The Ghosts of Glass-Steagall
With the signing of the Gramm-Leach-Bliley Act in November 1999, Congress repealed the Glass-Steagall Act of 1933. Most people will point to this as a great moment for financial innovation and competitive markets. While I agree with the majority of those arguments and the global marketplace made it inevitable, I think it’s important to reflect upon the negatives that have come along.
Here’s a great summary of the timeline associated with The Long Demise of Glass-Steagall. Historians will debate the root causes of The Great Depression long after we have a Greater Depression and I won’t do that now. But here’s a snippet lifted from a good article on the subject…
Reasons for the Act - Commercial Speculation
Commercial banks were accused of being too speculative in the pre-Depression era, not only because they were investing their assets but also because they were buying new issues for resale to the public. Thus, banks became greedy, taking on huge risks in hopes of even bigger rewards. Banking itself became sloppy and objectives became blurred. Unsound loans were issued to companies in which the bank had invested, and clients would be encouraged to invest in those same stocks.

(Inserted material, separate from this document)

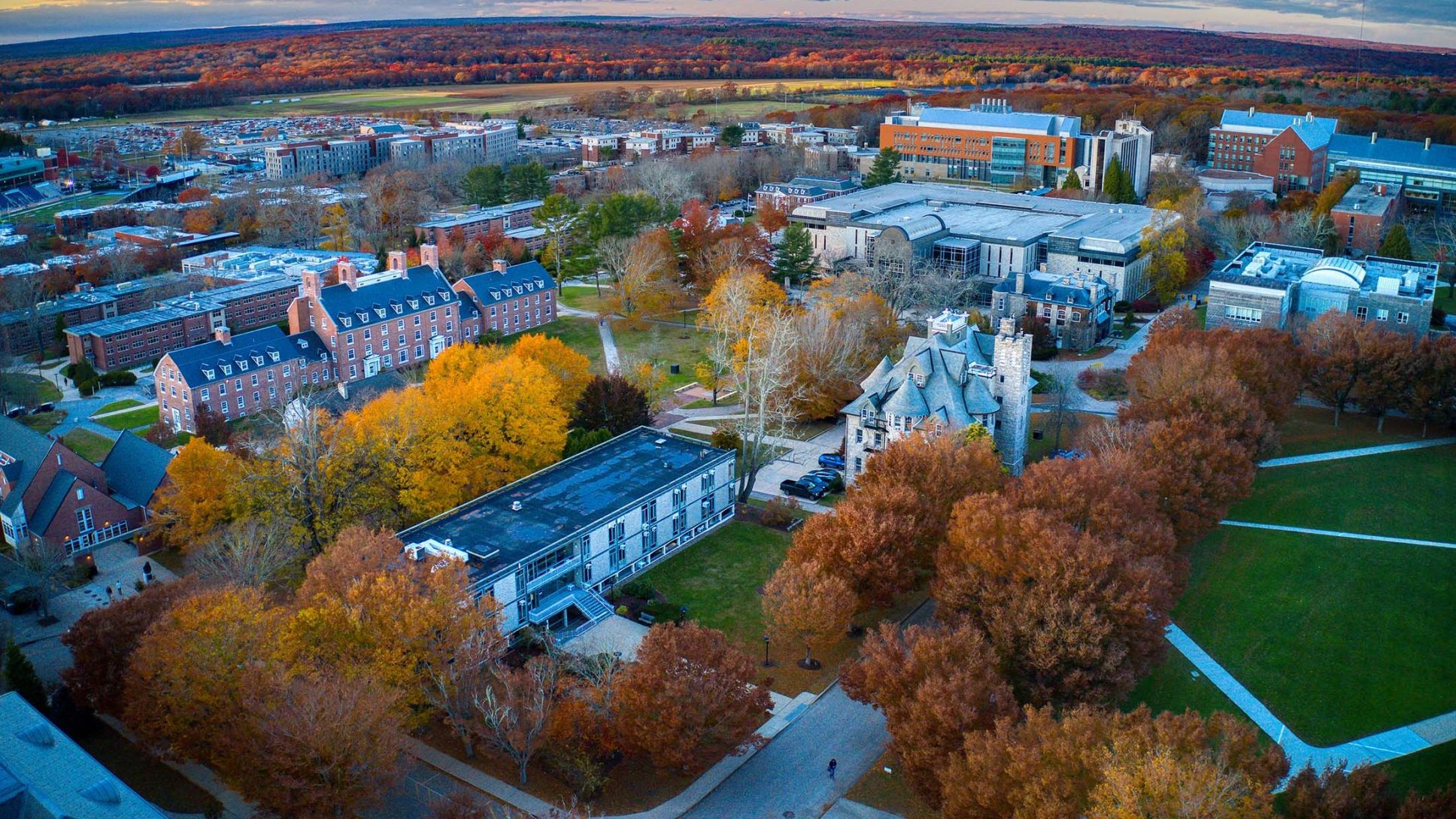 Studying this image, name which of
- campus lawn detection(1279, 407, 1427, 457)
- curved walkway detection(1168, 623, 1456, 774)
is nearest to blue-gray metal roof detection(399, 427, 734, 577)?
curved walkway detection(1168, 623, 1456, 774)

When I reflect on all that has happened in recent months with CDO’s and subprime lending, reading through the history of the Great Depression has been scary. It’s almost as if the ghosts of Glass-Steagall are coming to haunt us. Last week, the Fed gave an exemption to Citigroup and Bank of America that has been largely ignored by the media and it attacks some of the most legitimate protections enacted 74 years ago.
At the banks’ requests, the Fed is “temporarily” and indefinitely waiving regulations that effectively limit a bank’s funding exposure to an affiliate to 10% of the bank’s capital. Citigroup and Bank of America are now able to lend up to $25 billion apiece under this exemption and according to Charlie Peabody, analyst at Portales Partners, “that represents about 30% of Citibank’s total regulatory capital, which is no small exemption.”
The Fed is walking a very fine line here and I am sure they know it. They claim this was done in the public interest to allow the biggies to bring liquidity to the their brokerage operations as quickly and efficiently as possible. However, there is another public interest and it was created with the Glass-Steagall Act - it’s called FDIC. If you ask the average American why they have confidence that their money is safe in the banking system - the number one reason will be FDIC. When we put the depositors’ trust at stake by bending rules like this, I can only imagine what the ghosts of Carter Glass and Henry Steagall must be thinking.
I keep pointing out the severity of the Fed’s actions and this exemption for Citigroup and Bank of America is just another example. Whatever the Fed is preparing for….my fear is rising.